Top of ENTRIES PROVIDED

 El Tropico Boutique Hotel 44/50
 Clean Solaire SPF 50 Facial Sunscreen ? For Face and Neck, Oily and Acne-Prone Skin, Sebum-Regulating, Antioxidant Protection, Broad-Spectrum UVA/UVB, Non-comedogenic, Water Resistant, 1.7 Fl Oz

Bottom of ENTRIES PROVIDED
Top of ENTRIES PROVIDED

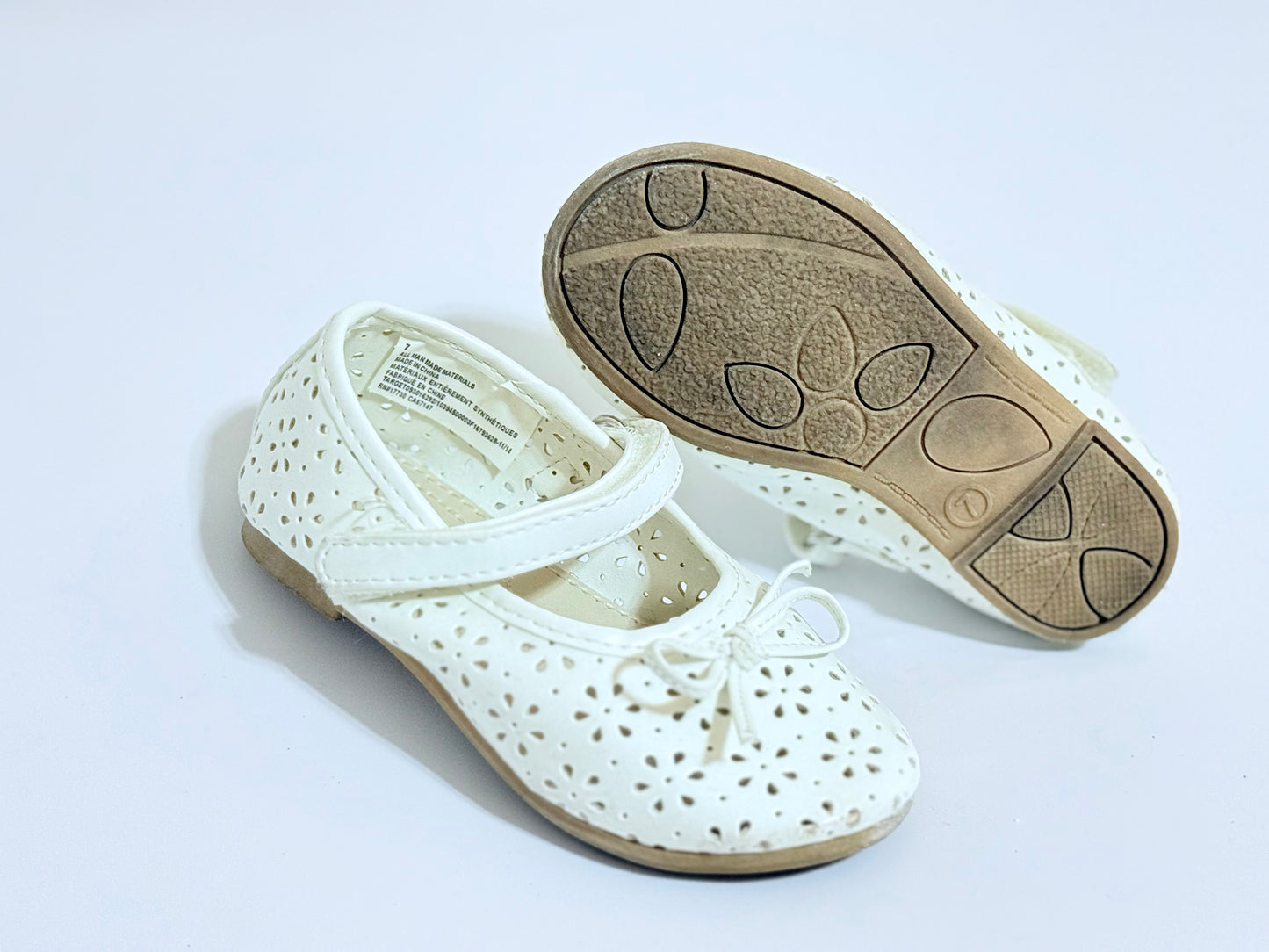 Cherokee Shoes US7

Bottom of ENTRIES PROVIDED

ABOUT THIS TASK
In the data above, find the line that contains "El Tropico Boutique Hotel 44/50" and the line that contains "Clean Solaire SPF". Repeat exactly those lines and every line between them, and only those.

WRITTEN RESPONSE
 El Tropico Boutique Hotel 44/50
 Clean Solaire SPF 50 Facial Sunscreen ? For Face and Neck, Oily and Acne-Prone Skin, Sebum-Regulating, Antioxidant Protection, Broad-Spectrum UVA/UVB, Non-comedogenic, Water Resistant, 1.7 Fl Oz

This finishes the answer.